Given a marginal Gaussian distribution for x and a conditional distribution for y given x in the form: \[p(x) = \mathcal{N}(x | \mu, \Lambda^{-1})\] \[p(y|x) = \mathcal{N}(y | Ax + b, L^{-1})\] the marginal distribution of y and the conditional distribution of x given y are given by \[p(y) = \mathcal{N}(y | A\mu + b, L^{-1} + A\Lambda^{-1}A^T)\] \[p(x | y) = \mathcal{N}(x | \Sigma\{ A^TL(y-b) + \Lambda \mu \}, \Sigma)\] where \(\Sigma = (\Lambda + A^TLA)^{-1}\).

To use this theorem for our case, we just substitute \(x = w, y = t, \mu = m_0, \Lambda^{-1} = S_0, A = \Phi, b = 0\) and \(L = \beta I\) and voila, we have the result!

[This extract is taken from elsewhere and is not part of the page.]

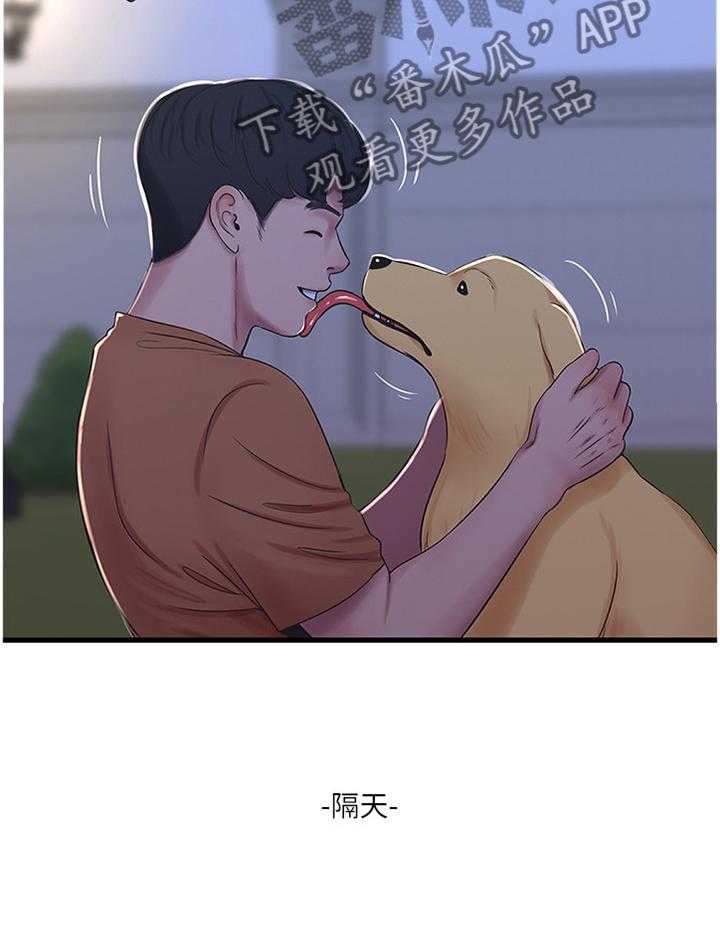 《特别照顾》第77话 77_纯白世界 第9页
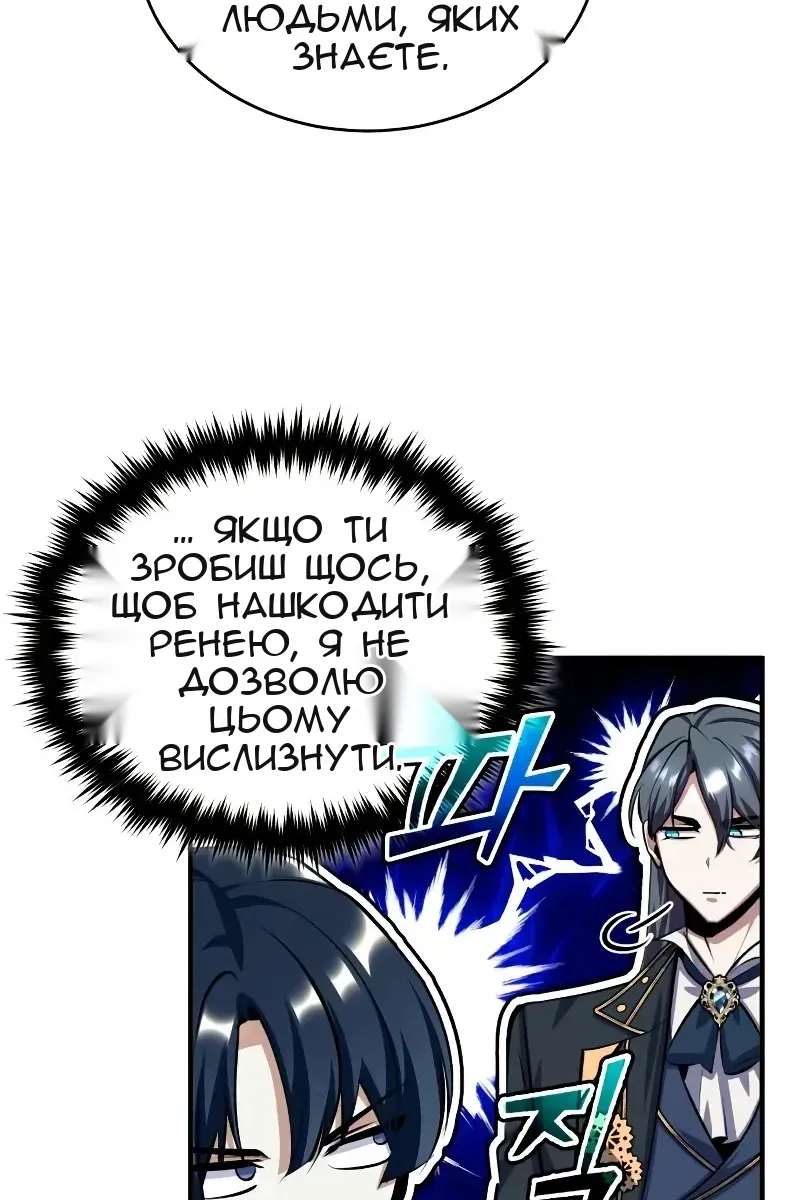 Сторінка 53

Markov Chain Monte Carlo (MCMC) methods

Bob: What if I don't want to just assume a normal prior. My beliefs are way more complex than that!
Me: No problem, Bob! We can still use Bayesian Linear Regression with more general or complicated prior distributions. You can even use the ones that are hard to spell if you want.

When working with Bayesian Linear Regression, sometimes the prior and likelihood distributions may not follow a closed-form solution, or the assumption of normal distribution for prior may not hold. In such cases, Markov Chain Monte Carlo (MCMC) methods can be used to approximate the posterior distribution. These methods involve creating a Markov chain that has the target posterior distribution as its stationary distribution and then drawing samples from the chain to approximate the posterior.

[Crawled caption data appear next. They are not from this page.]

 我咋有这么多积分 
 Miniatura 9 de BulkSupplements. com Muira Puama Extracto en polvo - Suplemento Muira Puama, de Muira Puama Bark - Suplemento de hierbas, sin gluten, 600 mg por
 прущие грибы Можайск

Bob: That sounds great! How do we implement this in practice?
Me: Don't worry, Bob. We can use the PyMC3 library to easily perform approximate bayesian inference using MCMC methods. Now you can use whatever prior you want, no matter how weird it is.

Making Predictions

Bob: That sounds great, can we also use this model to predict the prices of new houses based on their features?
Me: Obviously! That is one of the key advantages of using Bayesian Linear Regression.

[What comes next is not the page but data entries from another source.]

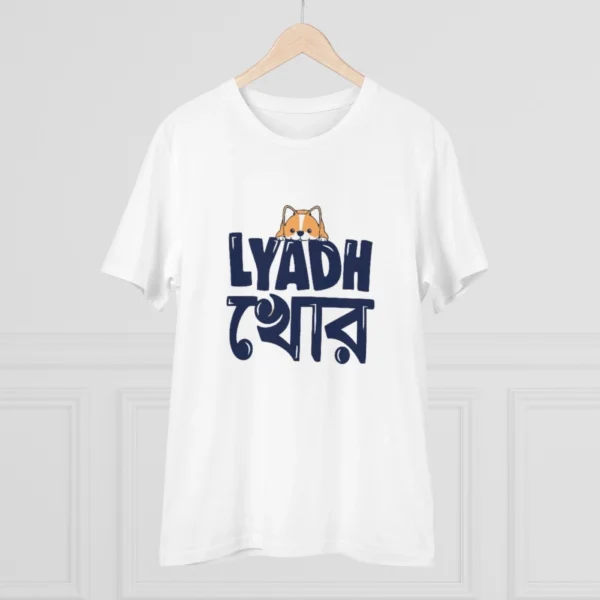 Men's PC Cotton Bengali Designs Printed T Shirt (Color: White, Thread Count: 180GSM)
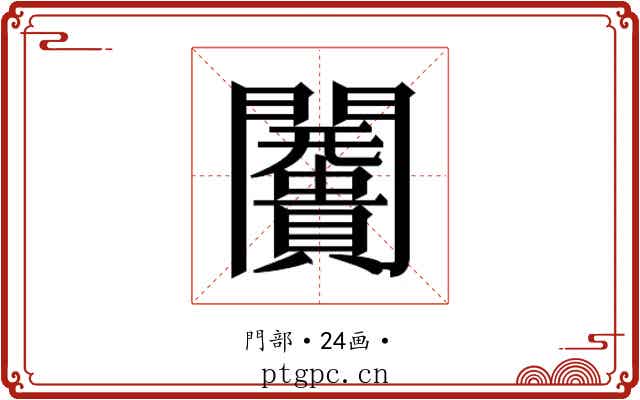 𮤩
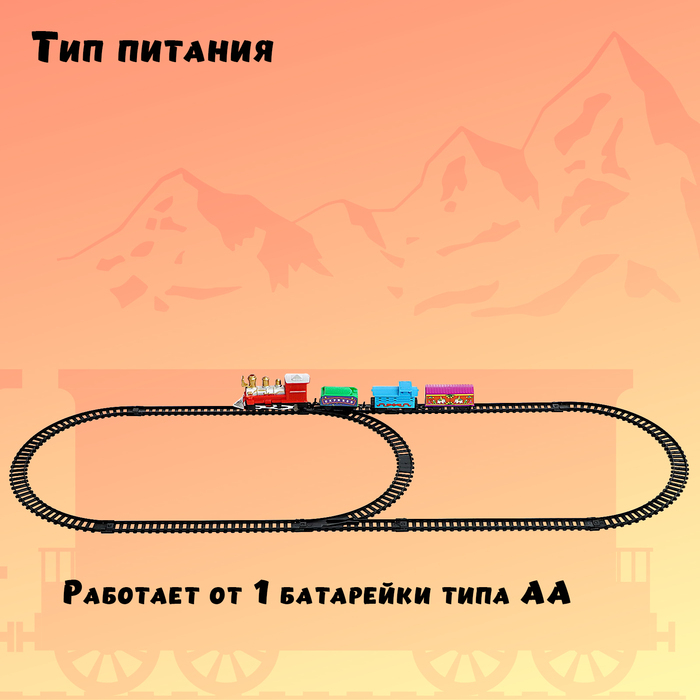 Железная дорога &laquo;Скорый поезд&raquo;, работает от батареек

BLR allows us to make predictions by considering the probability distribution of the weight vector, w, rather than relying on a single point estimate. This means that we can make predictions using ALL possible values of w and assign different weights to each value based on its probability i.e. we're making a weighted prediction. This is exactly how we can account for the uncertainty and variability in the model, allowing for a more robust prediction. Since our entire goal has been to make predictions on new samples given our dataset, what we have been meaning to compute is \(p(t | X, t, \alpha, \beta)\) which can be expressed as a marginalization of the joint distribution of the target variable, t, and weight vector, w as follows: \[p(t | X, t, \alpha, \beta) = \int p(t | w, \beta) p(w | X, t, \alpha, \beta) dw\] Here \(p(w | X,t, \alpha, \beta)\) can be thought of as the weight assigned to different weight vectors that are being used to make the prediction.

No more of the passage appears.